Do not 'charah' – 'to burn or be kindled with anger'. What (do you) do, when faced with conflicting thoughts within the Bible? How can we be angry and not sin?
Read 'through' Jesus. This carries the theological day. What Jesus say/do? Fit into.
Restating first-Seed principles. Believe we can write, speak, visual-arts… sing, whatever go-public etc, and be heaps more than the sum of those reading, hearing, seeing… feeling, what's going on. Etc.
Need to pray – more important in the main – than all other human activity. Beyond essential upkeep only prayer makes, the most changing differences we need. Opinions differ. The premise, the world can: Be different again. Improve. Matters?
Lot argue, 'will anyway...' for better or worse. Beyond significant influence, through our vain interference. A spinning-top. Round and round and…
So pass the comfort and kicks and be done with.
Or, doesn't in some deep wavy-way, actually exist, anyway? All a-going down into/back into a sludge. Or morph-on next age. And exist-on, a given
Jesus showing the real, proclaims the way we can be – is for hope.
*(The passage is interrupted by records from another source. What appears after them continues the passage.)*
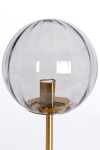 Light & Living Tafellamp Magdala Glas/Goud Ø20x43cm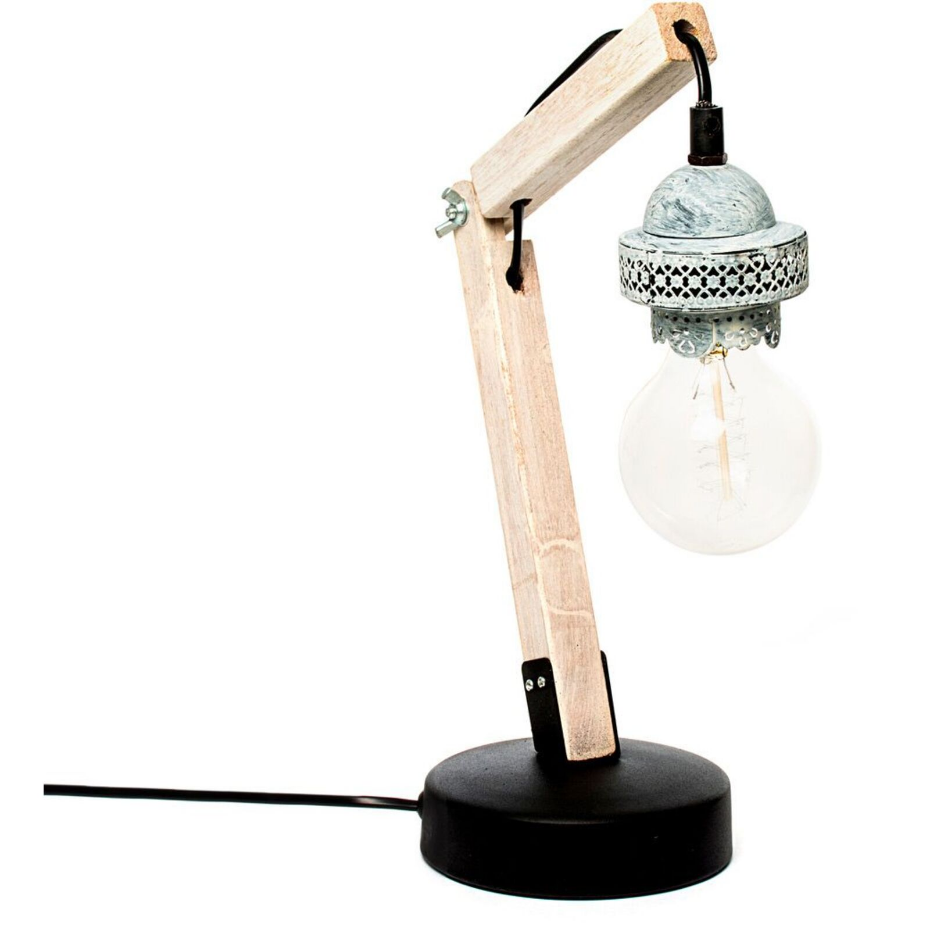 Lampe de bureau en marbre Rossa VI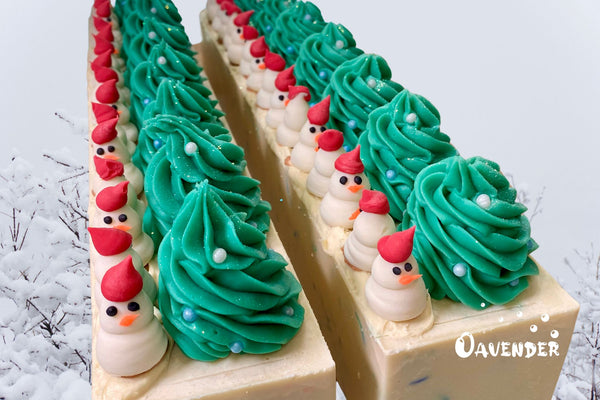 Winter Wonderland Soap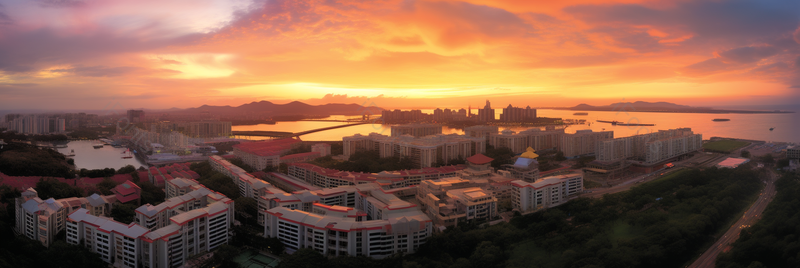 朝阳日出海景休闲度假酒店全景长片,高清,摄影图,摄影图片,图片大全,摄影图免费下载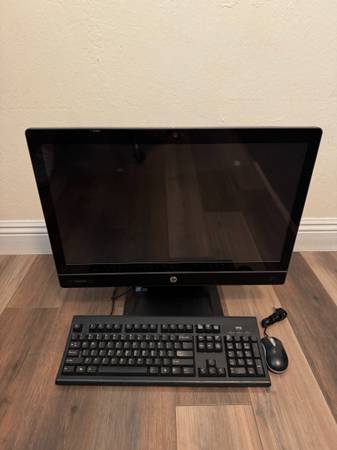 HP Elite 800 TouchScreen AIO 4th Gen i5 NO WEBCAM! 1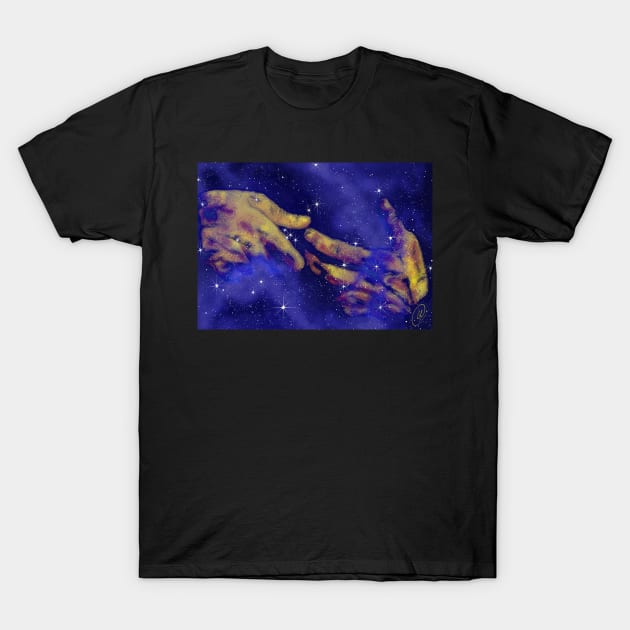 The Pillars of Creation but make it Destiel - painting T-Shirt by dangerbeforeyou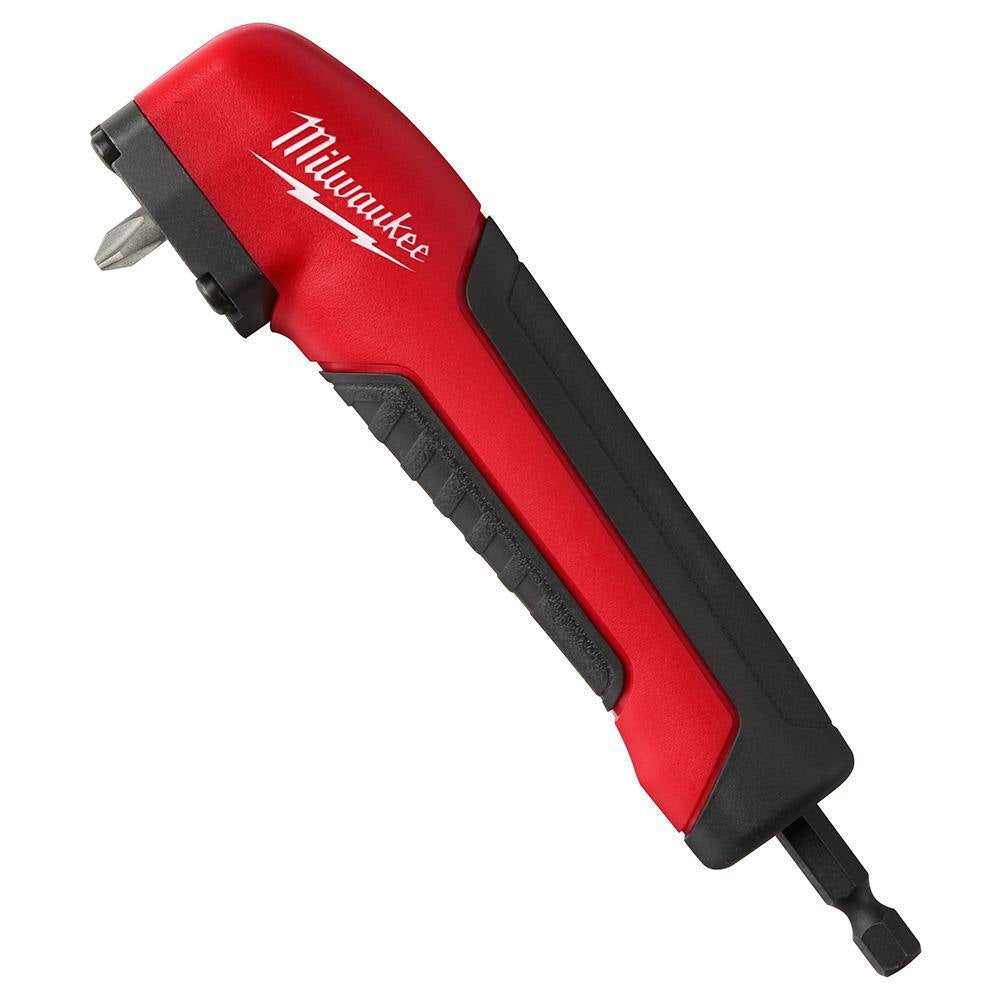 SHOCKWAVE Impact Duty Alloy Steel Screw Driver Bit Set (45-Piece) W/ SHOCKWAVE Right Angle Drill Adapter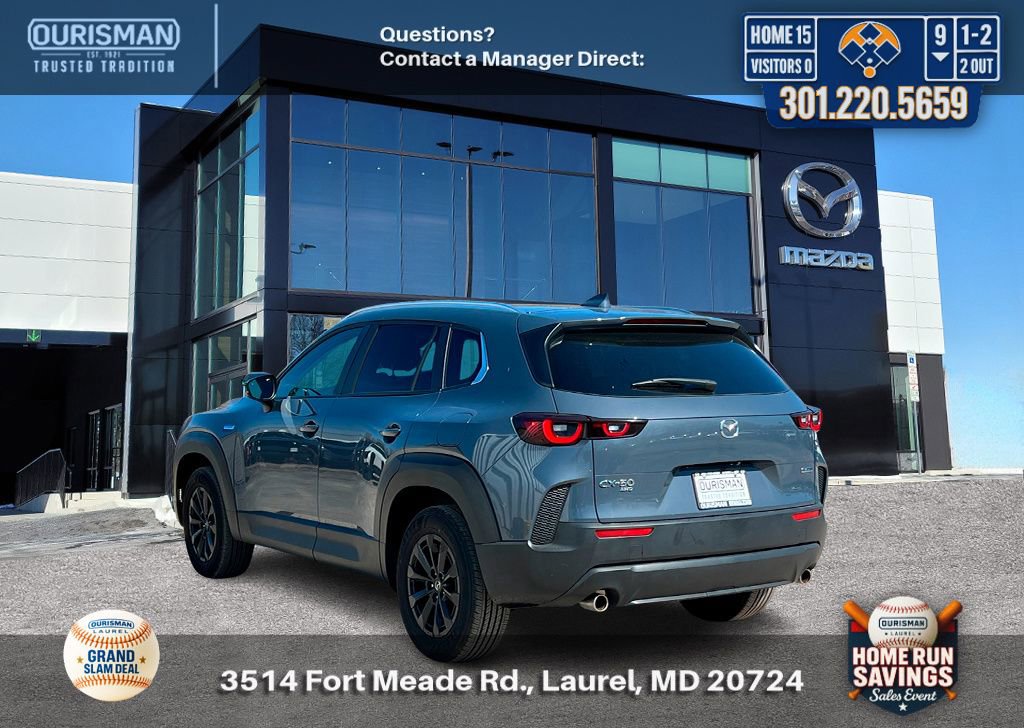 Used 2025 MAZDA CX-50 2.5 Hybrid w/ Preferred Pkg image 3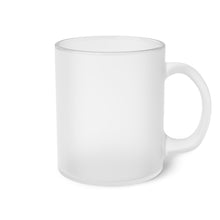 Load image into Gallery viewer, Quantic Snowflake 2022 Frosted Glass Mug
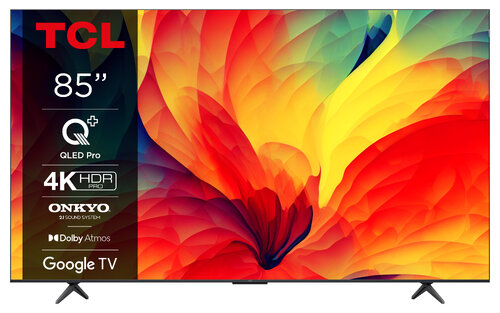 Περισσότερες πληροφορίες για "TCL QLED780 Series 85QLED780"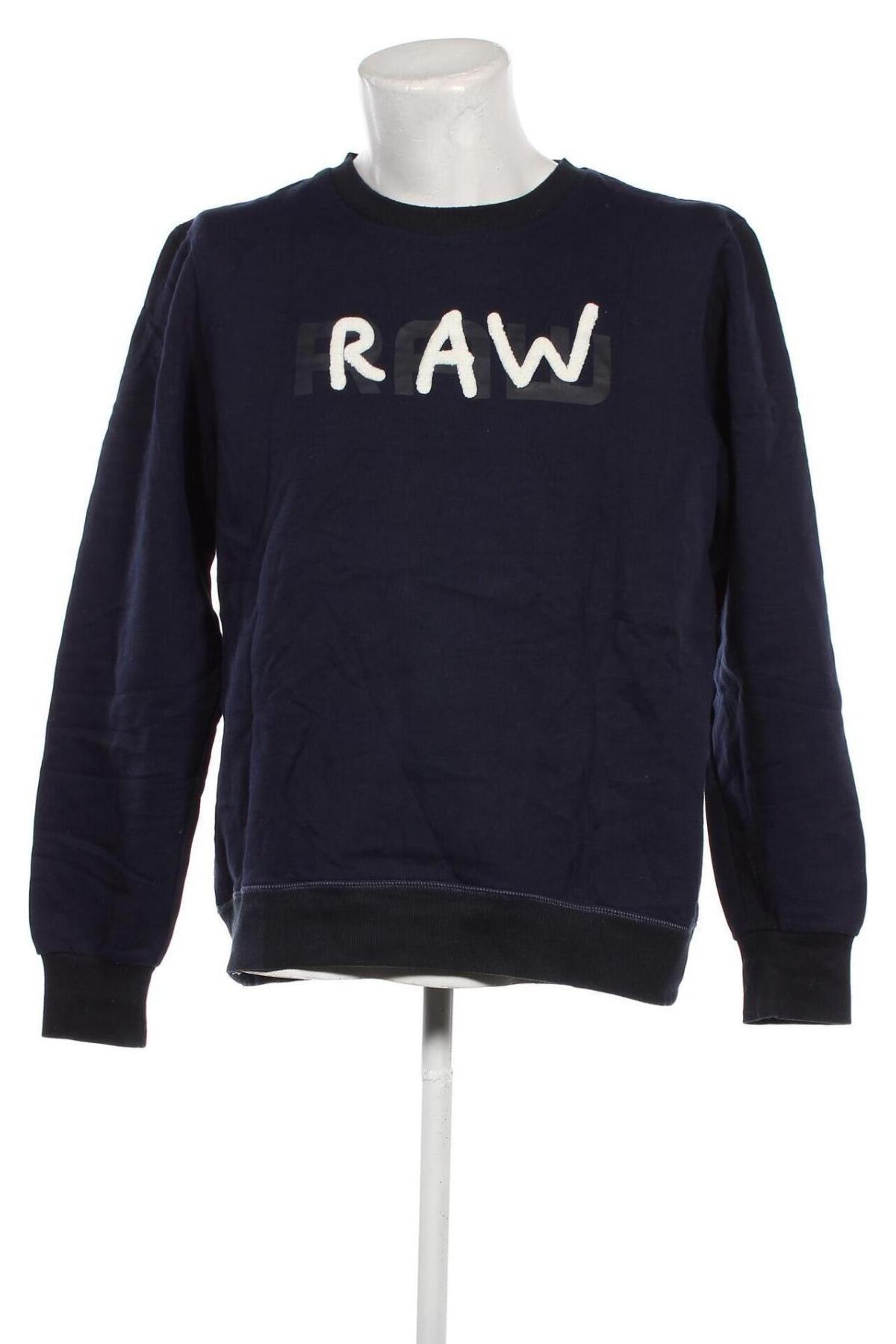 Ανδρική μπλούζα G-Star Raw, Μέγεθος XL, Χρώμα Μπλέ, Τιμή 42,06 €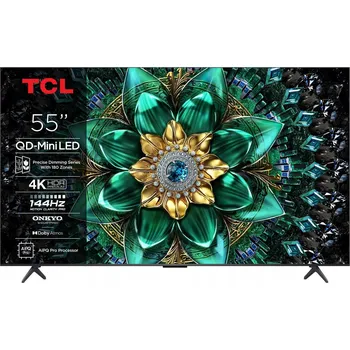 Televizor LED Televize TCL 55Q6C 55" 4K UHD černá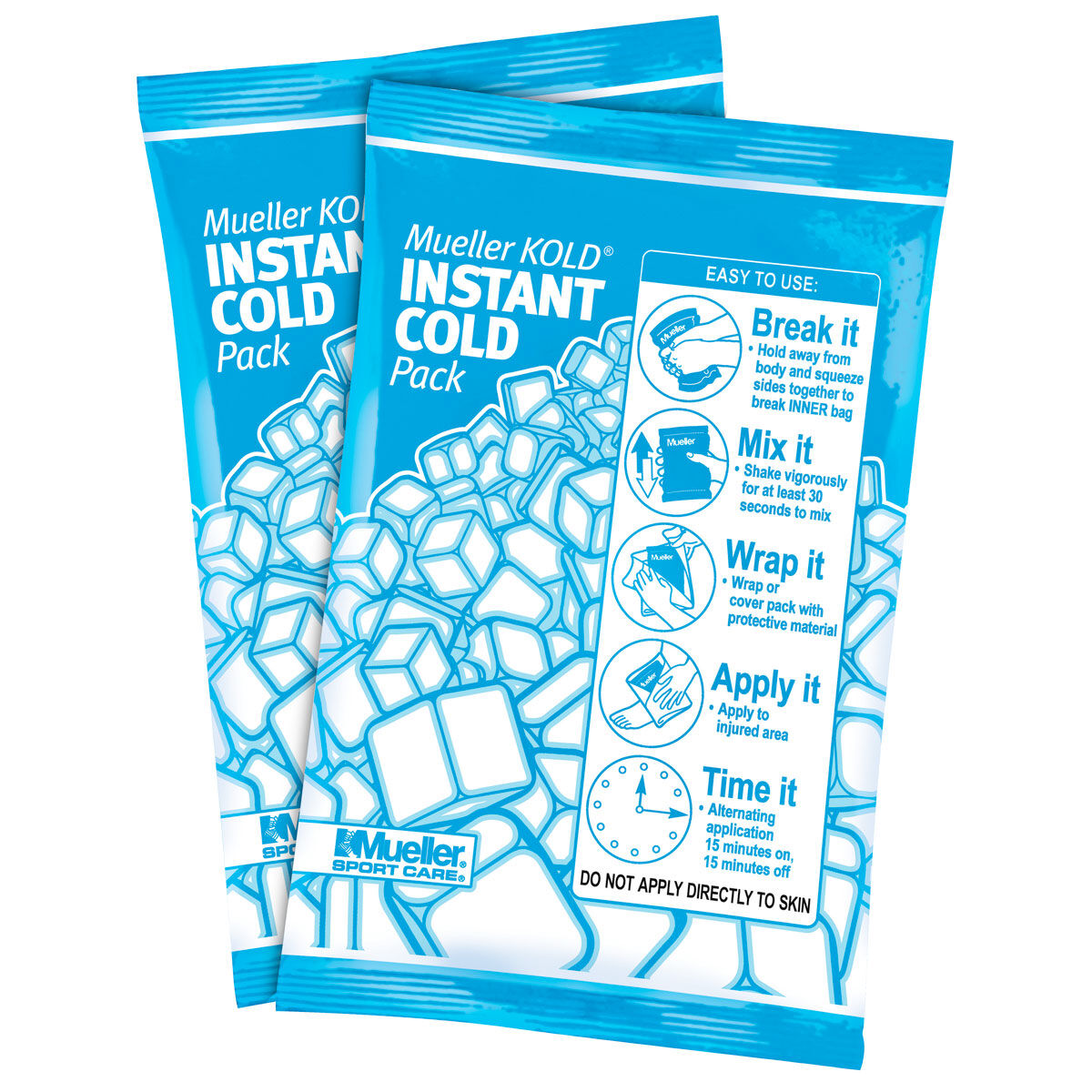 Mueller MuellerKold Instant Cold Packs - 2-Pack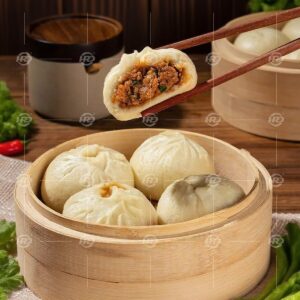 Small Pork Steamed Bun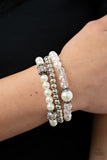 Paparazzi Positively Polished - White - Veronica's Jewelry Paradise, LLC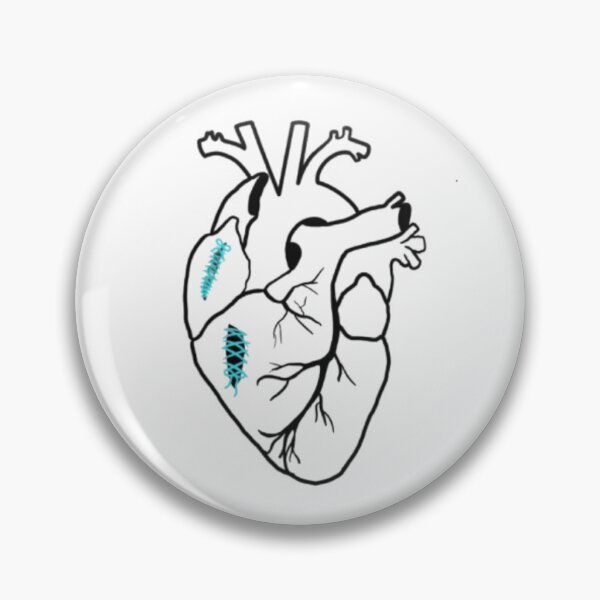 Item preview, Anatomical Heart designed and sold by amart41.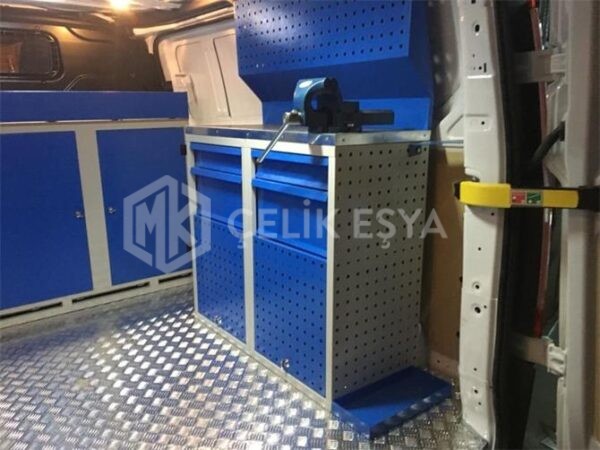 Fiat Ducato Araç içi Dolap Sistemleri MK-406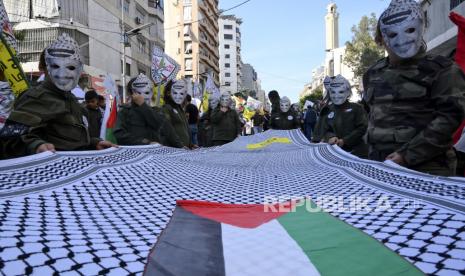 Xi Jinping: Cina Tegas Dukung Berdirinya Negara Palestina (ilustrasi).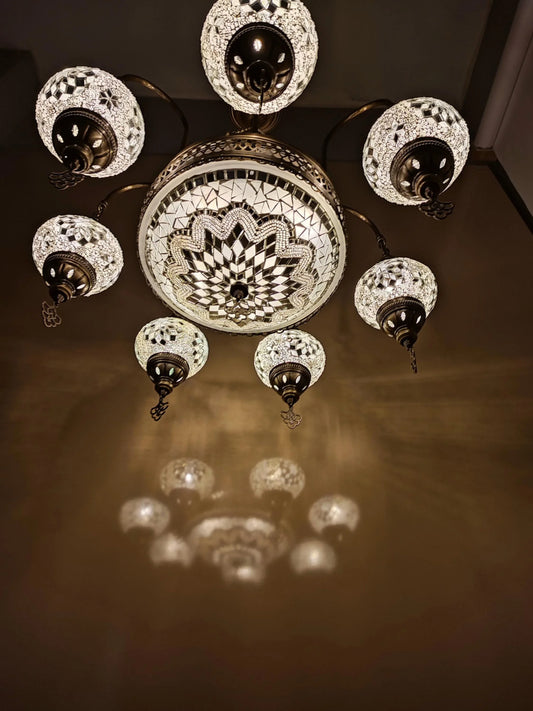 Chandelier Light Dining Room Light-Antique, Chandelier Lantern Hanging Pendant - Anatolia Lighting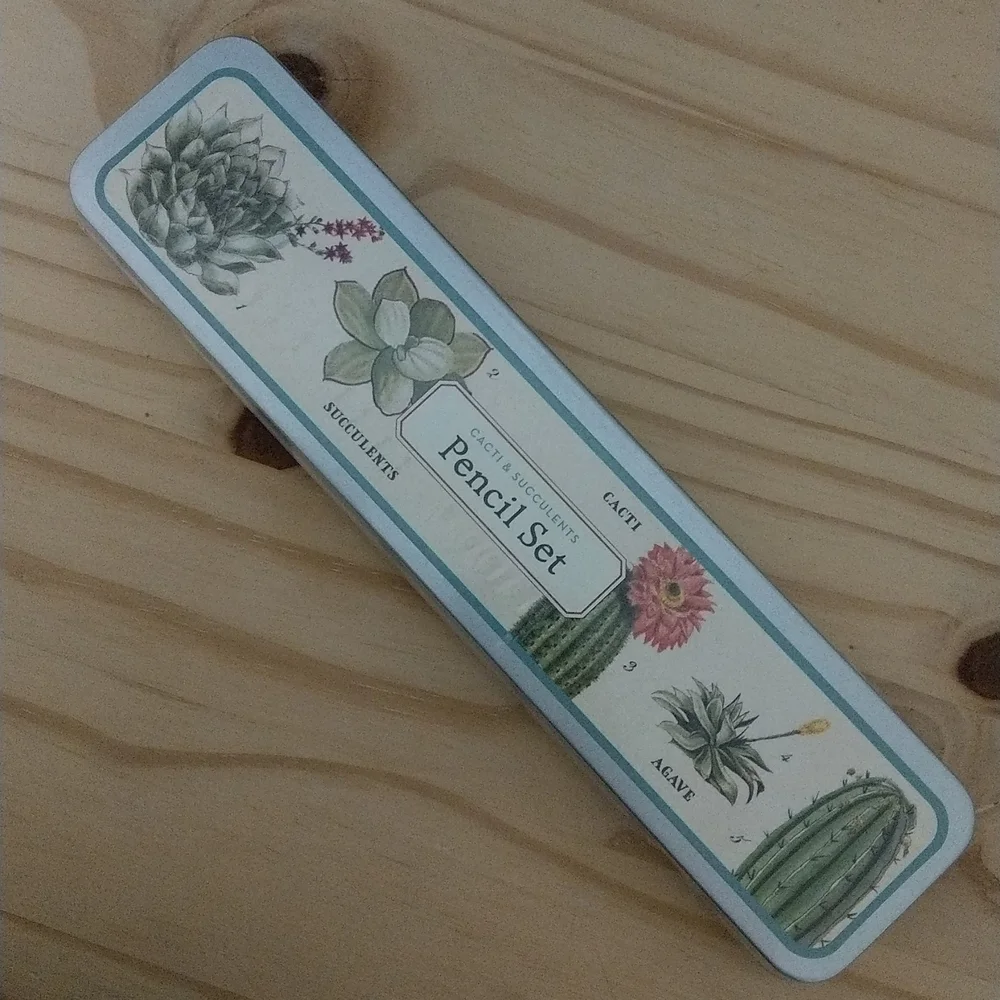 Botanical Notebook & Pencil Set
Uncomfortable, not all certain along the way. In hope… God made. We can do = this could… should, happen. Don't, well – doesn't.
Ought to prophecy or try. And be more done with, think-writing letters to fans. Better a short paragraph that engages the powers than a pontificating page. Can I pray as go? Truth is, not so (easily). Therefore, if requires brevity. Gotta amen.
One misunderstanding in life is believing everyone's a Christian. Long-held tendency, in reaction to being around St Inepts. Evangelicals and most-all 'post-' varieties being – discerned thus – La La.
Do I write this, comparing myself and self-righteous? No. No, no. Been as/even/more annoying. AWOL into crazy waters. Did less than those holding some ground on a local, with a family – having friends.
Because of this personal analysis, I despair. Yet in church circles, find every last best about and encourage, with all my might. This and self-esteem blues.
Me fish outa…
Skirting around writing:
Christians are supposed to be hated. According to Jesus, this the equation. Such love, openness, kindness, generosity, peacemaking, evangelism, activism against empire, prophetic leading… the Cross of Christ – should cause reaction. Psychotic, complacency or with good reason (If the Bible seen/is 'all fairies' etc)?
But it's not this. Deeper. Sub or unconscious, is where the claim God's Spirit, combined with the witness works. Here action. Therefore told, don't fret. This happens. We're bound to be evil-done against. This is what evil – was never... 'for'/not intended – does:
Attempt to destroy the face of God is love. Somehow – in a deception – circumvent judgement. The only way to achieve, is have the world 'go-along'. Misery likes company.
This why the wind-up. Good-er in heart will be seen for what is. Usually have 'God-fear' and a fair due respect. Lack frustration. Rather move toward God, as in Jesus, than fight-against.
Not so case with a lotta truthers. Believe got the line on 'this-God and squad stuff. Babylonian myth-making Illuminati co-opt.' Knows it. They do. All but sufficiently liberal or stridently trad-evangelicals are… St Inept. 'They' in their mind, speaks for themselves.
Reckon the name and very concepts. Still grate and rile. Because? Communication beyond words.
Frustration-making is like wallpaper. Every turn. For church and the 'truth' camps. Both – should – aspire revival. Have global hopes. Adds struggling.
Great eh? Can't find compadre(s)? Anyone on the cause and Jesus-first?
And those on truthing but ain't in/to Christ – should, if Jesus correct and touch into me, not warm along. Aside from my not-likeables, to the degree I'm getting it together – conviction. So saith claims.
Peace-making always has me assuming 'people of peace' until otherwise discovered. And even then 'lack faith' this isn't the case. But ain't the way. Why should I doubt Jesus? Whatever of God in me, should upset. Or draw towards. Either/or – not a commendation.
Course. Religio strut and speak, is not a stumbling block of Christ but blind faith. On this, those on the liberty cause, I find listening to some Jesus-talk in awoken company, truly painful.
Bit of a chest-clearing post this. Why Christians so whacky? Sounding guff.
However long I've got in this world. Maybe find some way to eat and a roof-up. If led, would withdraw, completely. Maximum monk. And go out warring in word and loving deeds.
('pity this busy monster, manunkind' by E.E. Cummings and 'a good universe next door; let's go' comes t'mind). A better place to be called in. Listened to fella called Brother John on the net the other day. Endearing. Put-out an “honest... anyone got an opportunity I can take”. Empathised.
Have my place here and opportunity knocks (thankful as) but when not-a-working. Gotta pray.
Rapping up. Dream last night and this m'proclaimer; The Way of Love and not a fret about opposing peep. The disparaging to the cross. And now, no fret.
God be with me. Reclaim your ground. In me I invite. Come in and deep God. As already are. Open eyes and power through. Amen.